TASK PROMPT | Type out the whole listing again exactly, pictures omitted.

COLLECTED MATERIAL |
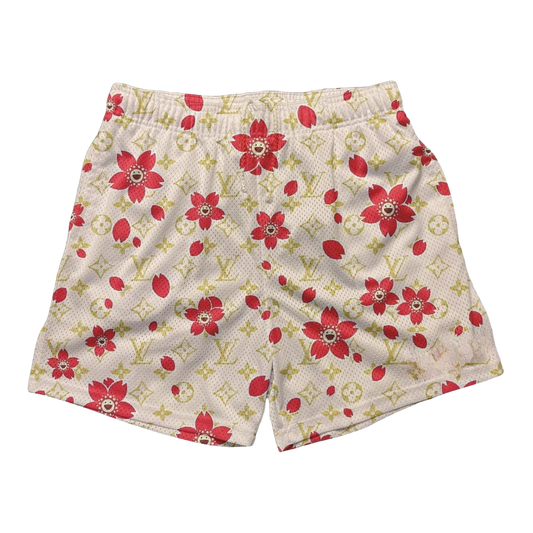 a white shorts with red flowers on it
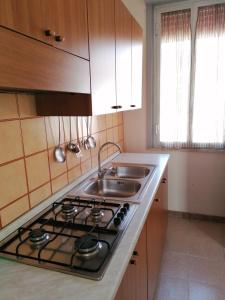 a kitchen with a stove and a sink at La Villetta sul mare in Marina di Modica +11 photos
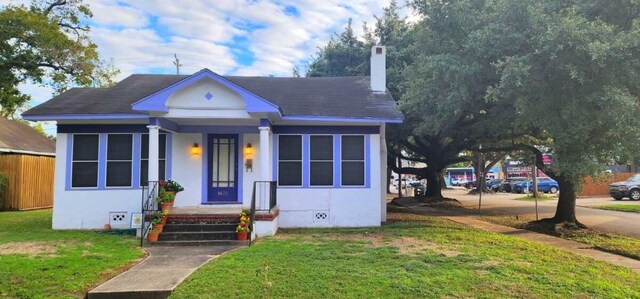 bungalow-style home with a front lawn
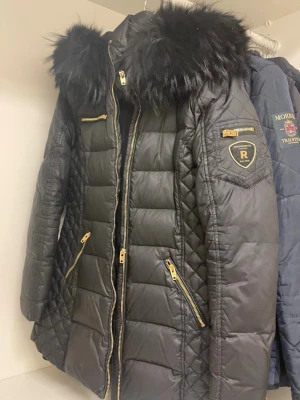 Svart dunjacka från Rockandblue - Svart dunjacka från Rockandblue med quiltad design, guldfärgade dragkedjor och stor pälskantad huva. Jackan har flera fickor med dragkedja och Rockandblue-logga på ärmen. Perfekt för kalla dagar.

ANSWER |
 a white shorts with red flowers on it
 a kitchen with a stove and a sink at La Villetta sul mare in Marina di Modica +11 photos
 bungalow-style home with a front lawn
 Svart dunjacka från Rockandblue - Svart dunjacka från Rockandblue med quiltad design, guldfärgade dragkedjor och stor pälskantad huva. Jackan har flera fickor med dragkedja och Rockandblue-logga på ärmen. Perfekt för kalla dagar.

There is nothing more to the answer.